Łabędzie odchowywują młode wspólnie. Zazwyczaj młode trzymają się samicy. Samiec bardzo często pełni rolę stróża, ochroniarza, obrońcy. To on czuwa nad śpiącymi matką z młodymi podczas pobytu na brzegu. Tak, łabędzie nie zawsze śpią z młodymi na wodzie. Czasami wychodzą w tym celu na ląd. To zwykle samiec czuwa i w razie potrzeby odstrasza zbliżającego się intruza, a w razie konieczności atakuje. Wbrew pozorom to groźny przeciwnik. Przy odpowiednim zamachu i przyłożeniu skrzydłem jest w stanie pogruchotać ludzkie kości. Jeżeli ptak jest zaniepokojony naszą obecnością do tego stopnia, że wyjdzie z wody i niezgrabnie, ale jednak zacznie się do nas zbliżać, lepiej wycofać się w bezpieczne miejsce, np. na jakieś wyniesienie terenu, bo podenerwowany samiec może być bardzo agresywny.

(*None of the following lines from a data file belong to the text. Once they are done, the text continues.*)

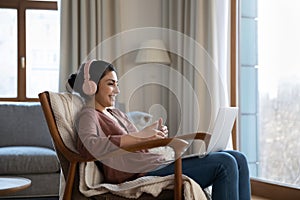Indian female in headphones sit in comfy chair use laptop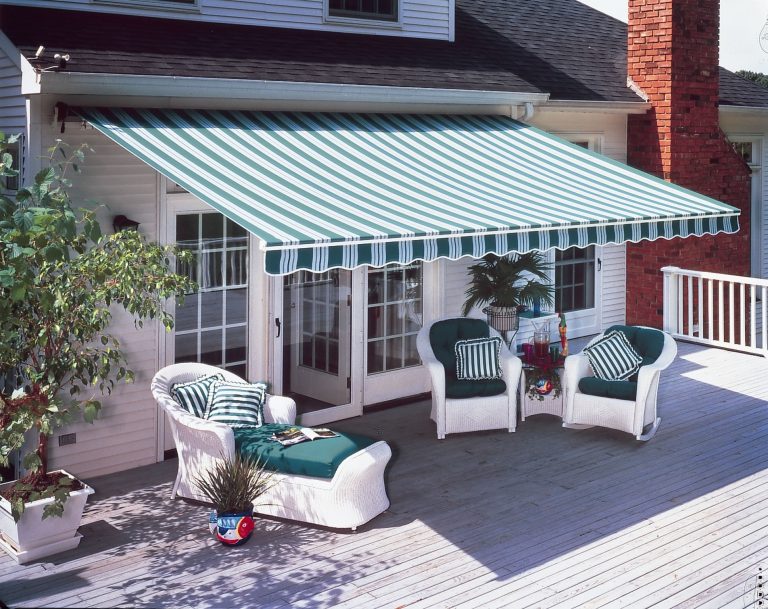 Eine gestreifte Markise erstreckt sich über eine gemütliche Terrasse mit Gartenmöbeln.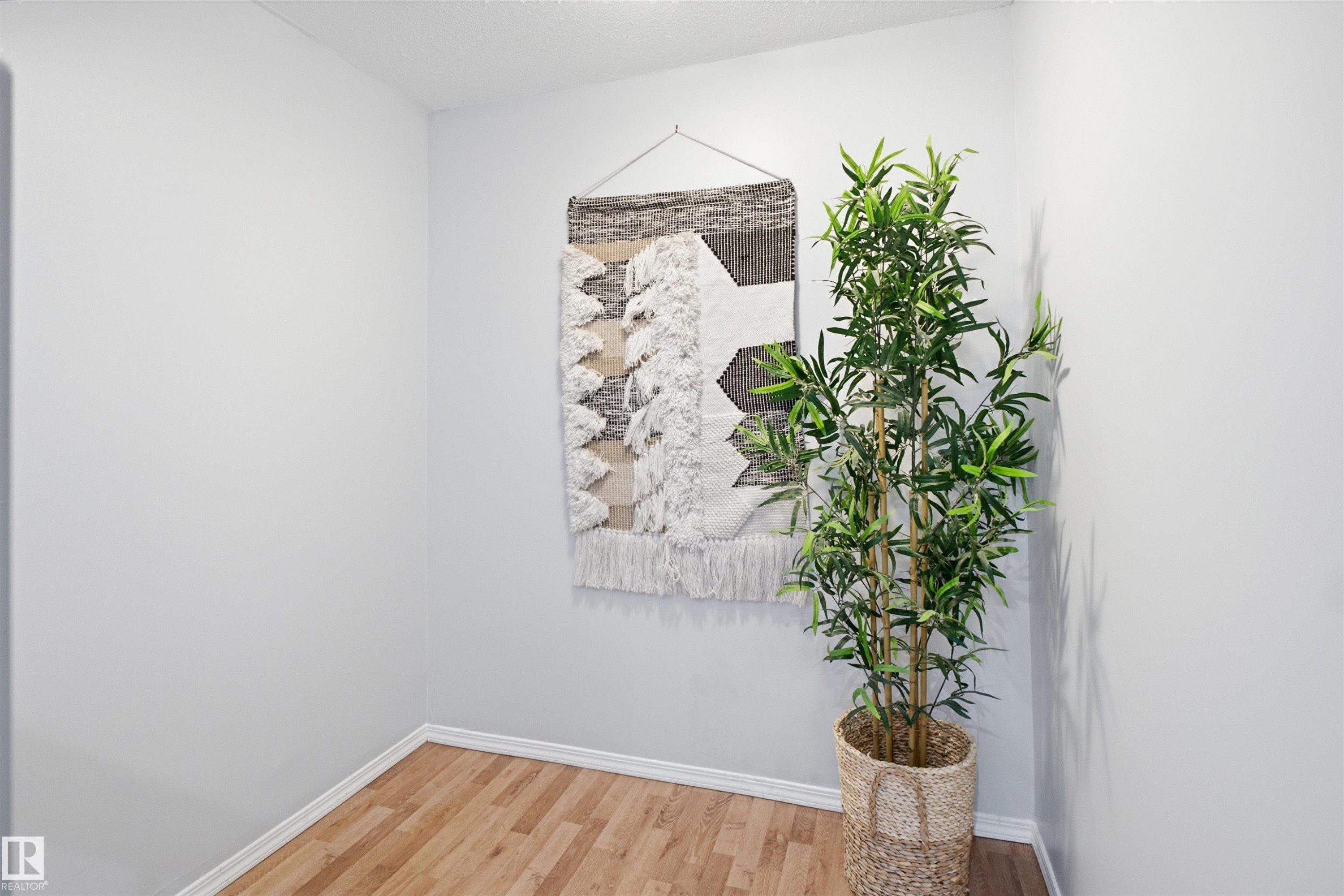 Light wood-finish flooring with white baseboards and light-toned walls create a neutral palette - 92 230 Edwards Drive, Edmonton, AB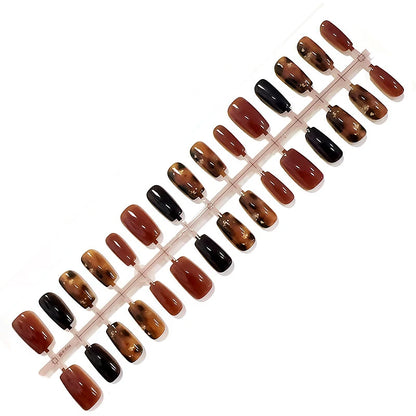 Set of brown and black nail polish samples on a white background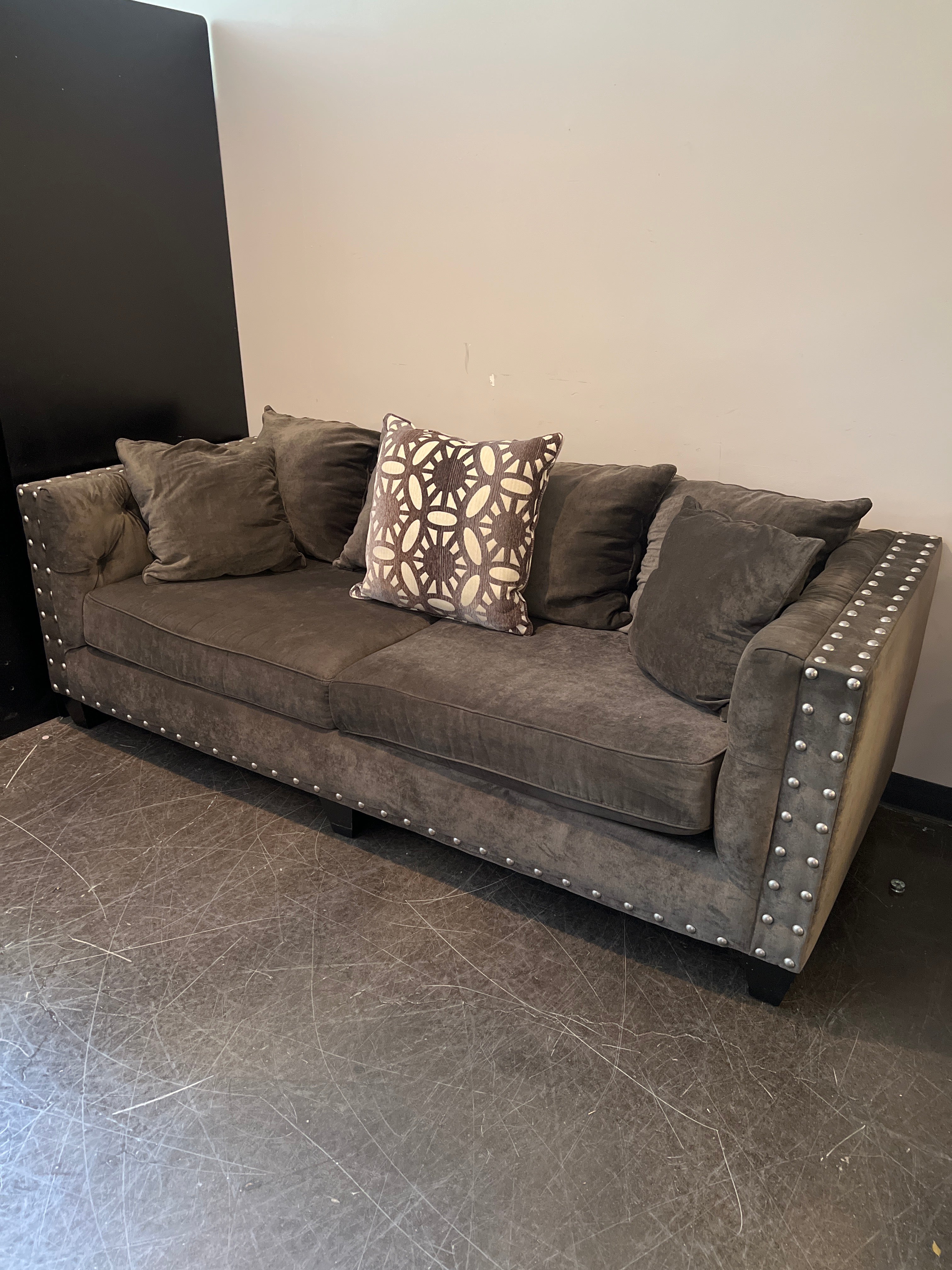 Dark Brown Tufted Sofa with Metal Accents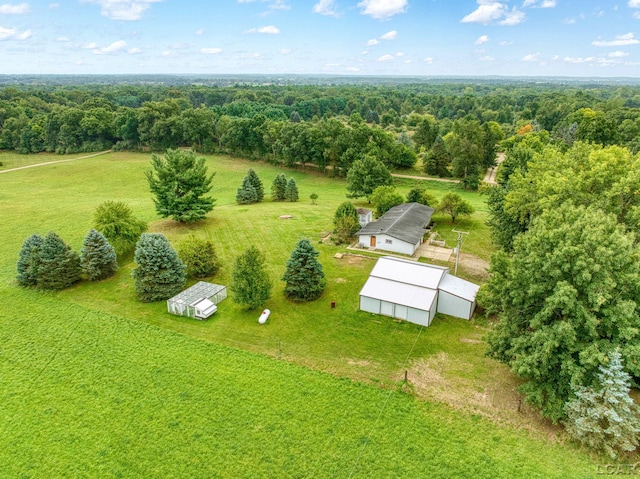 birds eye view of property featuring a rural view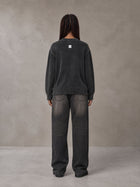 Model wearing the SM Sig. Washed Distress Knit Sweater in Midnight Black, rear view.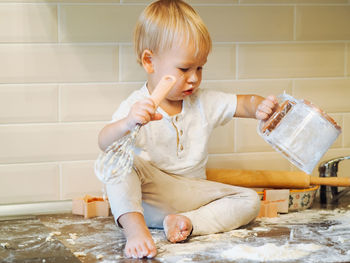 Cute toddler playing with flour at kitchen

To również samiec dba o bezpieczeństwo samicy i młodych na wodzie. Zaobserwowałam następnującą sytuację: gdy ptaki zaczęły kierować się do ujścia zatoki na szerokie wody jeziora, samiec uprzedził samicę, wykonując charakterystyczny manewr dla przygotowywujących się do lotu ptaków - długi bieg po tafli wody przy jednoczesnych generujących duży hałas uderzeniach skrzydeł o wodę, lecz ostatecznie nie wzbił się w powietrze, ale zatrzymał mniej więcej po środku jeziora. Dopiero wówczas samica zaczęła powoli kierować się z młodymi w jego stronę. Podejrzewam, że manewr ten miał charakter ostrzegawczy: oto jestem, wypłynąłem na środek jeziora, słyszeliście mnie, jestem bardzo groźny, więc nie zbliżajcie się do mnie ani do mojej partnerki i młodych, bo przekonacie się na własnej skórze, jakie mam mocne skrzydła.